"""
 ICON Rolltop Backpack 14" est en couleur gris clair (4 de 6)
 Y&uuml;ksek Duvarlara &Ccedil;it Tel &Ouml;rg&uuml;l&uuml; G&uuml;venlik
"""
"""
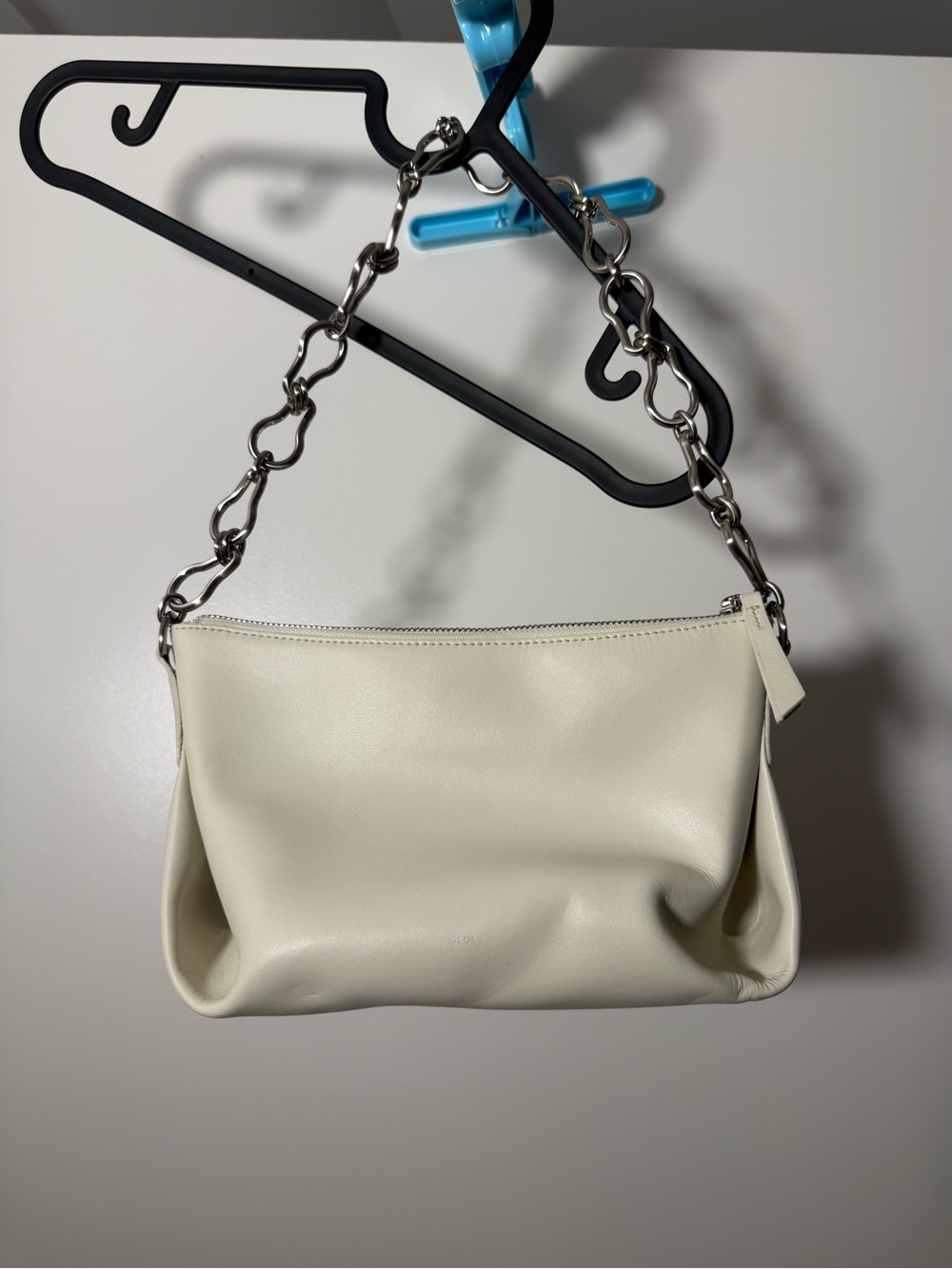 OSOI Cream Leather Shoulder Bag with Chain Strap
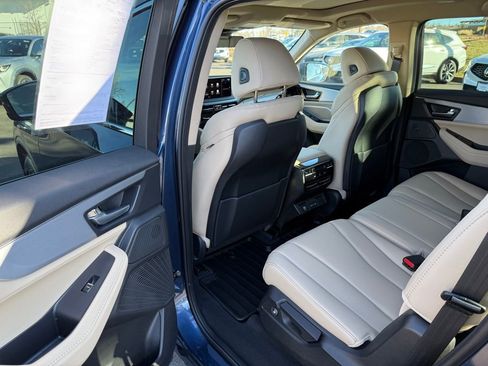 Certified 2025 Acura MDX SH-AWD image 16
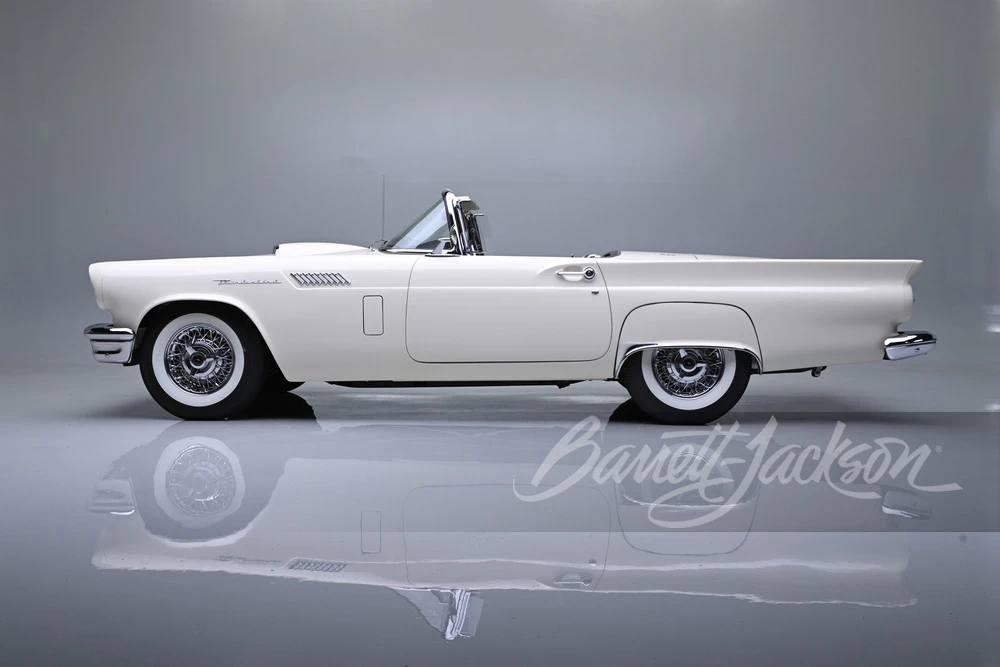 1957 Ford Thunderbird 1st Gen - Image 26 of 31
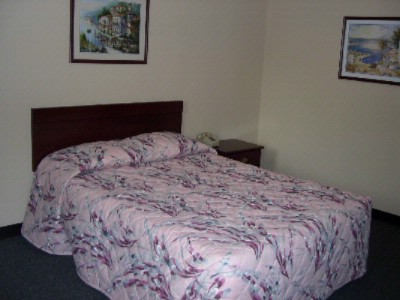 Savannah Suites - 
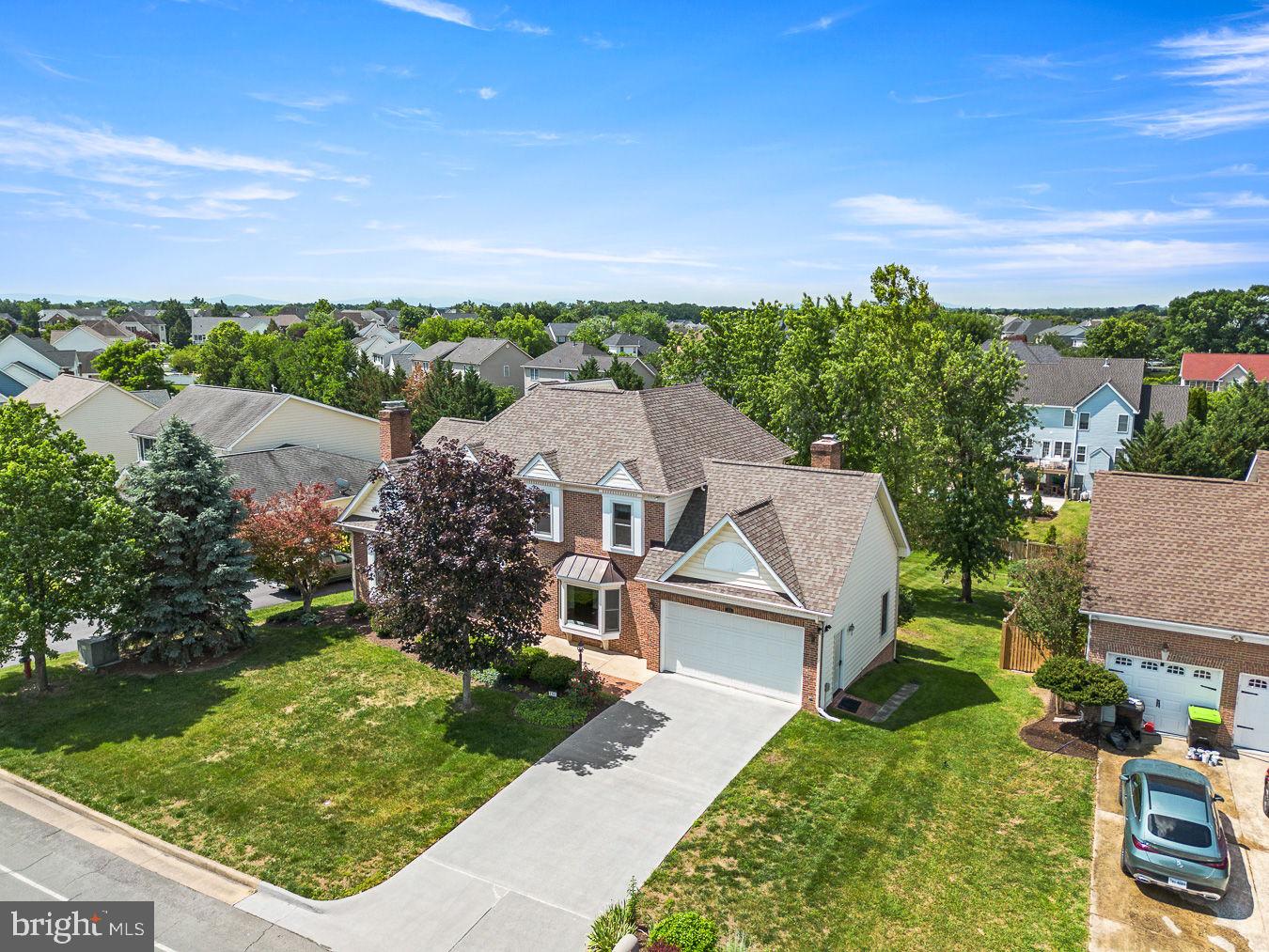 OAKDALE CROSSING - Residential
"""
"""
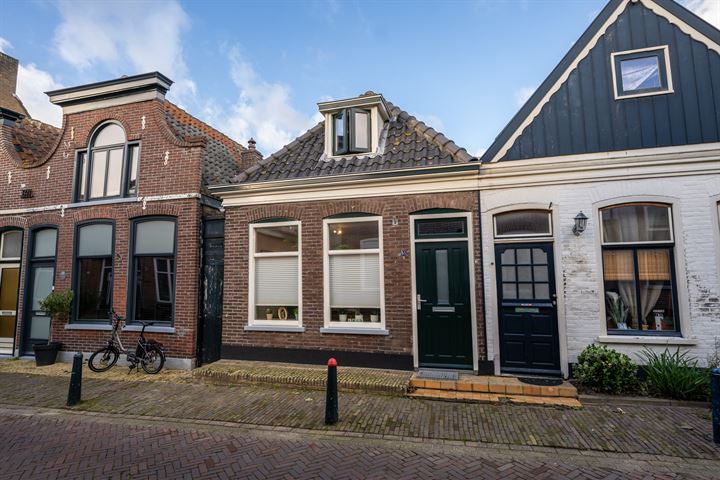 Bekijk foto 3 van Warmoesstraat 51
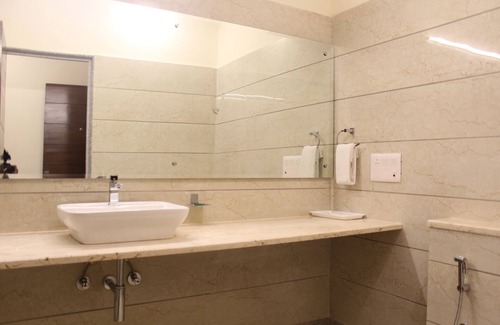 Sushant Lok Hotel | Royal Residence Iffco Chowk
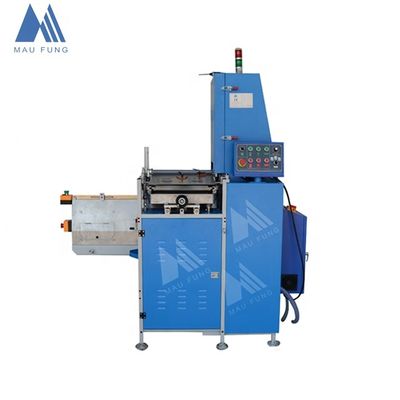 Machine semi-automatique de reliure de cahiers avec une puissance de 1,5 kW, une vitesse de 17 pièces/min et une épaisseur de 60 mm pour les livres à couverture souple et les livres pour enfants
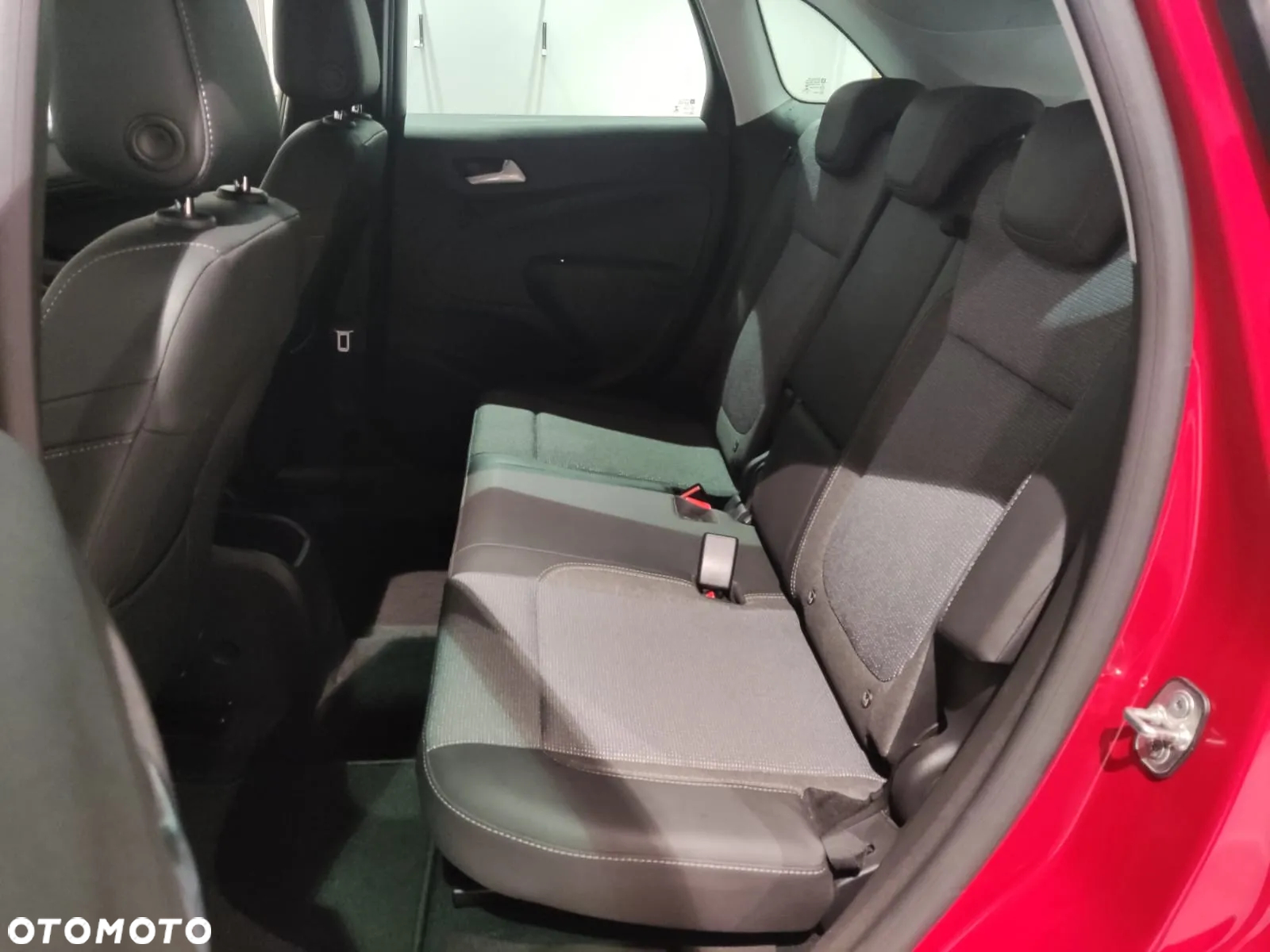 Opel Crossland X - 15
"""
• EXERCISE DETAILS:
Since only part of the listing is wanted, copy exactly the lines from the one holding "ICON Rolltop Backpack" to the one holding "Y&uuml;ksek Duvarlara &Ccedil;it", both included.

• SOLUTION TO THIS TASK:
 ICON Rolltop Backpack 14" est en couleur gris clair (4 de 6)
 Y&uuml;ksek Duvarlara &Ccedil;it Tel &Ouml;rg&uuml;l&uuml; G&uuml;venlik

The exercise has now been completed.